* _ACTIVITY_: The lines of the records that include "Photo" should all be copied.

* _DATA TO PROCESS_:
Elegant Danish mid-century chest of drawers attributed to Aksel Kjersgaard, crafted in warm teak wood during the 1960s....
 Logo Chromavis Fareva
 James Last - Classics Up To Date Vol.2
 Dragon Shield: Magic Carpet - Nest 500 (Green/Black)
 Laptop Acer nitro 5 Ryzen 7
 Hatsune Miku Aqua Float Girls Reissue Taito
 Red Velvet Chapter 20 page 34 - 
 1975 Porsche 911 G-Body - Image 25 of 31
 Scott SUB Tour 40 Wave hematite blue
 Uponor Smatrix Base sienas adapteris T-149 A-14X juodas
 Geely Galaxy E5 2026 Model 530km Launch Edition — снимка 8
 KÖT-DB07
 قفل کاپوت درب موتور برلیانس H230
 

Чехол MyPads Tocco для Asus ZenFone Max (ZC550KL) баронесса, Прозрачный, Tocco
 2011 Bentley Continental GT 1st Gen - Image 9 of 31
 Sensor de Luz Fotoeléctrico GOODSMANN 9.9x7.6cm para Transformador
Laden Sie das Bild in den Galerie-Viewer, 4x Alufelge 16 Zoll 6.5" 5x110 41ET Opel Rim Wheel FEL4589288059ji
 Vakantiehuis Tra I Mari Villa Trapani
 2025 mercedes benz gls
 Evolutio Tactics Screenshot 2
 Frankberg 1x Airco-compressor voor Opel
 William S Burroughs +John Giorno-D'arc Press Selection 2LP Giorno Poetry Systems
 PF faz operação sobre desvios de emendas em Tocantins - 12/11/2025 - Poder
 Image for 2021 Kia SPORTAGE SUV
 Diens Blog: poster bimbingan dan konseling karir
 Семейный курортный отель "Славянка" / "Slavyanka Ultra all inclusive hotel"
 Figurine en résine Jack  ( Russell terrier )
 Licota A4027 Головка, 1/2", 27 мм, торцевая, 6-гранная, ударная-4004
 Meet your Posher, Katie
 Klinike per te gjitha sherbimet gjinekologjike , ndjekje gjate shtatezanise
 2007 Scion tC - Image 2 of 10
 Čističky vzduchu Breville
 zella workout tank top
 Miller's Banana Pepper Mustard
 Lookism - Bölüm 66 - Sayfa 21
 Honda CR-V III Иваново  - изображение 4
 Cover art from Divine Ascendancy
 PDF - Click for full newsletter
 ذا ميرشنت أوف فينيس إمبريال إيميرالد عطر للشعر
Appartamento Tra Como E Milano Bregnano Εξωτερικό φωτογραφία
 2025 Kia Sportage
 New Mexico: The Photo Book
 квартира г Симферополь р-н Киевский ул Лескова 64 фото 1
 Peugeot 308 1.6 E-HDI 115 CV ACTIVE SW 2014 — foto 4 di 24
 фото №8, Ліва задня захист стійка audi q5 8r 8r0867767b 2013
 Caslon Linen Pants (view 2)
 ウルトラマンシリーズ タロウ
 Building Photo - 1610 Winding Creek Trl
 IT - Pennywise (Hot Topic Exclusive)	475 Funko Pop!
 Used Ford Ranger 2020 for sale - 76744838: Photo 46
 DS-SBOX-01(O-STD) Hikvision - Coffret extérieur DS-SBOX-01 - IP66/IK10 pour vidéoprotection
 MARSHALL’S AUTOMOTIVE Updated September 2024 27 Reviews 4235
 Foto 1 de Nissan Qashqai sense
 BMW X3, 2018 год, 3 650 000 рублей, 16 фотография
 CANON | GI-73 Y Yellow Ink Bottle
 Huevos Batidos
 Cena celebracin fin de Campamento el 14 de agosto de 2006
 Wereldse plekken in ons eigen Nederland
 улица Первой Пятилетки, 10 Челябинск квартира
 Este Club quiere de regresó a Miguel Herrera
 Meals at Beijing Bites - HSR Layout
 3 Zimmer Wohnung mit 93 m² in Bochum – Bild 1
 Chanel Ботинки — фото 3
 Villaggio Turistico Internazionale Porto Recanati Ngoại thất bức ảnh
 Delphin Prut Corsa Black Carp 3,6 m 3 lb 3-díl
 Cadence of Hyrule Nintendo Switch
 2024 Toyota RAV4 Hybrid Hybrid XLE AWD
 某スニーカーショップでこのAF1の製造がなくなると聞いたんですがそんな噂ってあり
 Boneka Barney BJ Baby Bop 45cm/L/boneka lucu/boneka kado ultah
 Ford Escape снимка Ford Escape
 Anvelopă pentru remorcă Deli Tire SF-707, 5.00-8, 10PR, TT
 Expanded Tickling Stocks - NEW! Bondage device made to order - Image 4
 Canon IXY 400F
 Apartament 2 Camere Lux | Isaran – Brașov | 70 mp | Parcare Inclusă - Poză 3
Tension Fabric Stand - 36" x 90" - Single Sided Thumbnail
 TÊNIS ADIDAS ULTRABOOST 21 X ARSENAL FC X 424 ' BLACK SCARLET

* _RESPONSE_:
 New Mexico: The Photo Book
 Building Photo - 1610 Winding Creek Trl
 Used Ford Ranger 2020 for sale - 76744838: Photo 46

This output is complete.